In a thriving challenge culture, we willingly poke at our status quo, our assumptions and ‘the way we’ve always done it’ with anticipation rather than fear. There’s a bit of thrill when topics are put under the debate and design lens. In many team cultures, people instead experience an unhealthy conflict culture – people armed and ready to fight for their opinion to be the one that wins. Resistance, closed minds and territorialism reign. We become stuck and unable to move forward as a collective. Status quo wins.
To create this positive challenge culture, leaders and teams work together to solve complex problems. This allows the intersecting and integrated parts of the business to bring perspective, insights and knowledge that make better decisions. Co-creation and co-design become possible. These conversations explore, ideate and then synthesise into experiments and solutions. Newsletter
It’s when we move to a collective willingness to challenge our own thinking that we start to co-create solutions. This collective listens deeply, asks curious questions and let’s go of an individual ‘being right’, a replaces it by the intent of finding the ’best right’. Here are some indicators a positive team challenge culture is on the way:
- Hierarchy fades – positional power is put to the side to enable open and transparent discussion
- Curiosity leads – our questioning skill about how we might do things differently creates a space of exploration rather than judgement
- Listening deepens – we seek to understand perspectives and insights at a much deeper and informed level from each other
- Trust and connection emerge – our understanding leads to seeing the situation with both empathy and a clearer lens, and the relationships strengthen as an outcome
- Possibility appears – we can make decisions about future steps from a much richer and informed platform
Does your culture experience these indicators of challenging the status quo together? There are 5 key things that may help you and your team get there faster:
1) Give yourselves permission to adopt a challenger stance all together
Everyone in the discussion takes on a challenger stance together with a spirit of pushing the status quo around a particular topic. This stance explores dissonance in a positive and energising way. We are all in it together.

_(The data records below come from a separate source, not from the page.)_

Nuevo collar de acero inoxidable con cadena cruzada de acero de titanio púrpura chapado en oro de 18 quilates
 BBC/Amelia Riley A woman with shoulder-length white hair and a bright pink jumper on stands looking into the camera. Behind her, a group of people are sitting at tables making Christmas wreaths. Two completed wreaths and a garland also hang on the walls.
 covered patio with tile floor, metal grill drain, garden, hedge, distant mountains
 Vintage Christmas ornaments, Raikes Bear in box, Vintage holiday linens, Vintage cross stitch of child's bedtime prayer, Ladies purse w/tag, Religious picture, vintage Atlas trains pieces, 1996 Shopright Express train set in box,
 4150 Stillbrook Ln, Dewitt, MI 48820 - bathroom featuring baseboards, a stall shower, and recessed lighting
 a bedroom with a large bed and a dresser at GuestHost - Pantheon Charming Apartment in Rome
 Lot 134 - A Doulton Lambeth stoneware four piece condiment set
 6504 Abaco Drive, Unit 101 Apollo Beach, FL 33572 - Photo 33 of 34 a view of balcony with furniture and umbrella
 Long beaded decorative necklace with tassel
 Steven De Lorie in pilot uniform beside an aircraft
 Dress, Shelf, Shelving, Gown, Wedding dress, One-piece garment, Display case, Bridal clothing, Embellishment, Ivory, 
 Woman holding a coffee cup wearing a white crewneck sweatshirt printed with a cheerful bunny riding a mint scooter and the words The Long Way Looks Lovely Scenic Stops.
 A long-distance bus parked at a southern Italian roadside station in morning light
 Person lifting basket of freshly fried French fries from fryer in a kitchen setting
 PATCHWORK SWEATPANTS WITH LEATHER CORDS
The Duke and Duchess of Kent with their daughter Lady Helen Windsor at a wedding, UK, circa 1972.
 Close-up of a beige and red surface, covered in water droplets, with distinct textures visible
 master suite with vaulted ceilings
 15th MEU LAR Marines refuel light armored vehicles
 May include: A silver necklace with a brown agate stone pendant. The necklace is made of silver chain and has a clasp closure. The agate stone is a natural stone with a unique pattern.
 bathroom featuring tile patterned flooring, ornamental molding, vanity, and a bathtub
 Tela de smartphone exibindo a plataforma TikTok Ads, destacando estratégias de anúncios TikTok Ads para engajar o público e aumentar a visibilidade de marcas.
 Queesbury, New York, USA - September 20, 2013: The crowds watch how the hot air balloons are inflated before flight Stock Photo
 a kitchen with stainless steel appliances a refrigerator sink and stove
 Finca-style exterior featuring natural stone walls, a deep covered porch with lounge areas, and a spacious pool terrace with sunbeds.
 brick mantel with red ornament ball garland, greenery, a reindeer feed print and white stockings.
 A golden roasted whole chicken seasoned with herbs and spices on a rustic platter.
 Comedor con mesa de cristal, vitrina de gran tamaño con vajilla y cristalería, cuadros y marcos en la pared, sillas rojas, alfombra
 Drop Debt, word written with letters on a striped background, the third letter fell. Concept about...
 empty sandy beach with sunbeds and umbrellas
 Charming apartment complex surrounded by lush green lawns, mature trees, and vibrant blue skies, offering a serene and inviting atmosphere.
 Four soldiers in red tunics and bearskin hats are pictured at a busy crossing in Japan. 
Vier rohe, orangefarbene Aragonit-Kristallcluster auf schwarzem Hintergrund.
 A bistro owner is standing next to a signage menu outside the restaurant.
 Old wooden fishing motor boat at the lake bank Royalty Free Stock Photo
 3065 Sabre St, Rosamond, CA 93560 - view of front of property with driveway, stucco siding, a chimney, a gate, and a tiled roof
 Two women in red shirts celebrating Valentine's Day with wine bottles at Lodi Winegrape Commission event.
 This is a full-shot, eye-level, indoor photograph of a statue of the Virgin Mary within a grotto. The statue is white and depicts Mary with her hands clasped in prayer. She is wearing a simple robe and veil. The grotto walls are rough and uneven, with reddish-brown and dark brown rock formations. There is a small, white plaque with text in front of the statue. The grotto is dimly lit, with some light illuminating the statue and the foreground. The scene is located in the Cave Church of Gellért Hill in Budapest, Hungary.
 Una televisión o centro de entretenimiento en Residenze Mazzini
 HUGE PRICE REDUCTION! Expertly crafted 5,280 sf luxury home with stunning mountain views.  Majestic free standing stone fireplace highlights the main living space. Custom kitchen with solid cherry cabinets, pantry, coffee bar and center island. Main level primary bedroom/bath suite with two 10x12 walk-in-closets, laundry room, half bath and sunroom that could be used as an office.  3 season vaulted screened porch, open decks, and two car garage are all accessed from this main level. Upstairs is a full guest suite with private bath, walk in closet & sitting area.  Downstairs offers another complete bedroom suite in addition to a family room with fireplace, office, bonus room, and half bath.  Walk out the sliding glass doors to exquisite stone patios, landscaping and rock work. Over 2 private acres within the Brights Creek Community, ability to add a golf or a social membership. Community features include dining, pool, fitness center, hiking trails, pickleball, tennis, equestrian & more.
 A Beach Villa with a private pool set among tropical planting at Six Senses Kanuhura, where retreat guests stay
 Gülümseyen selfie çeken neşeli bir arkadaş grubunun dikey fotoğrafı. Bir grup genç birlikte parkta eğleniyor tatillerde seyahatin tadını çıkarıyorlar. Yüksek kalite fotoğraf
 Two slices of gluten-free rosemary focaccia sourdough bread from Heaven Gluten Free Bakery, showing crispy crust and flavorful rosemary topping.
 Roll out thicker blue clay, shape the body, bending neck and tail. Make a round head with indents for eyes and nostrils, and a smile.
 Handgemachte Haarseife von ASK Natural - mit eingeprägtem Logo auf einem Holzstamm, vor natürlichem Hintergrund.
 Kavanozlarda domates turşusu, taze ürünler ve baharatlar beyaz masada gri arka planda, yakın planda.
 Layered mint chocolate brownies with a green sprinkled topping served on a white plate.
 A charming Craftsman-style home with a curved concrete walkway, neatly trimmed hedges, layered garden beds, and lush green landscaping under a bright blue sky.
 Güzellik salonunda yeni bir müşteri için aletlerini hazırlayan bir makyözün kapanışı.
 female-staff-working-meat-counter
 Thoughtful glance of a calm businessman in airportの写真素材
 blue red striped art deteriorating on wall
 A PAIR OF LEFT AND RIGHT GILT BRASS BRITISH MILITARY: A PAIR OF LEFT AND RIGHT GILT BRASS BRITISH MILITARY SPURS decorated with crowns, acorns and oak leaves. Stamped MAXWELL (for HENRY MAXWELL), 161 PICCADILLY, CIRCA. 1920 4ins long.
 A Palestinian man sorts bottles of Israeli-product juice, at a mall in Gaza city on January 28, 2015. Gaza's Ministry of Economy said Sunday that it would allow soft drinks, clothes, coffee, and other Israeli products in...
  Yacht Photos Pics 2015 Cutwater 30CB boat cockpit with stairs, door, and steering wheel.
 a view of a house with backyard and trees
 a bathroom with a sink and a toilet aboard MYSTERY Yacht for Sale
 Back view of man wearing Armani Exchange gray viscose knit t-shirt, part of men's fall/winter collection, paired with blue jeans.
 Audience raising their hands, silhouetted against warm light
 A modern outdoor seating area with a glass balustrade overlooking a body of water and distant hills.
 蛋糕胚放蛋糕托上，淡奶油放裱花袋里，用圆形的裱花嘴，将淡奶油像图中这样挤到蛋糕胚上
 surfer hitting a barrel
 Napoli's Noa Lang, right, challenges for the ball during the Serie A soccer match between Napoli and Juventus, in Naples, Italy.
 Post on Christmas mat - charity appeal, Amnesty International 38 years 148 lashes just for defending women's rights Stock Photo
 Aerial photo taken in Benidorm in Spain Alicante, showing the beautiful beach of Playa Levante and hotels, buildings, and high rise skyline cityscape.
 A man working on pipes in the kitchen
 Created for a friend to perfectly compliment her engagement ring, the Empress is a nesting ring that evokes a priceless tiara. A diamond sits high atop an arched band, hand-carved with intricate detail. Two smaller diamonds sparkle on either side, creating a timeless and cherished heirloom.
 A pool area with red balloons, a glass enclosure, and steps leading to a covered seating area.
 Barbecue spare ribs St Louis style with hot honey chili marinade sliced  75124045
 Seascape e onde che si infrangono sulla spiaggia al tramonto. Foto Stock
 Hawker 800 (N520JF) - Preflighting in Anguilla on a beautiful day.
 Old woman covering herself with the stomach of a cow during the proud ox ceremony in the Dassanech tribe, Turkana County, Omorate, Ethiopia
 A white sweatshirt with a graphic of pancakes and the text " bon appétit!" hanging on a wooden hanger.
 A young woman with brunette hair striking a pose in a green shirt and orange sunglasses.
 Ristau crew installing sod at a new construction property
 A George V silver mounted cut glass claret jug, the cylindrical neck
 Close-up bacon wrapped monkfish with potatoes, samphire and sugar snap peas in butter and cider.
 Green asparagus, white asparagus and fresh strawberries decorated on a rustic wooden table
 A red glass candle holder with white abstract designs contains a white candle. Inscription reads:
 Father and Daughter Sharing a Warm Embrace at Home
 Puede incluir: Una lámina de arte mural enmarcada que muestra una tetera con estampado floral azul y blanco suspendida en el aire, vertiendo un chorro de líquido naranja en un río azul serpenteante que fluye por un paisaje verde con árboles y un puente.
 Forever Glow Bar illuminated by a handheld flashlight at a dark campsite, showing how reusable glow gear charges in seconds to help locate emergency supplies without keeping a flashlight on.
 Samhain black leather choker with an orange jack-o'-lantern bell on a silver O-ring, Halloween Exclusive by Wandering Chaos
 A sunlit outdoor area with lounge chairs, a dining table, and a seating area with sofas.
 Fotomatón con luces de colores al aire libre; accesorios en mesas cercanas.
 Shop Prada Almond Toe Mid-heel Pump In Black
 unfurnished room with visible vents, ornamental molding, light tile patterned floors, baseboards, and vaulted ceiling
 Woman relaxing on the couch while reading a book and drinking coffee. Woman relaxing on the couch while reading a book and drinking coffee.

On a visual canvas, note down people’s curious questions about the topic. Reflect on such things as:
- frameworks that guide the work
- beliefs and underpinning principles
- processes and policies
- outcomes and measures of success
- client needs
- market context
All sorts of interesting and curious insights arise from this discussion. People free up from being given permission to challenge rather than agree. Opportunity and possibility emerge from the discussions.
2) Drop the ‘y’
Challenge cultures don’t challenge the person, but the thinking. Instead of saying ‘I’d like to challenge your thinking’ say ‘Can we challenge our thinking here?’ That one little letter makes all the difference.
3) Drop the need to be right
Being right all the time is exhausting… spend some time assuming you’re wrong and open up to other ideas and approaches.
4) Play lightly!
Curious, playful and exploring cultures shift and transform in ways that entrenched and oh-so-serious ones can only look over at with envy.
5) Know your part
Have self-awareness of what you personally bring to the culture of challenging the status quo. When you’re discussing perspectives between colleagues, what is your impact on the quality of the conversation? Judging people’s responses harshly leads to shut down and low level, transactional conversations. People keep their thoughts to themselves, and we lose the ideas that could really make a difference. Activate deep listening and ask questions that deepen your understanding, and you’re well on the way to a robust, insightful and useful conversation.
Every quality conversation leads to a positive challenge culture where the status quo is never left to set in stone.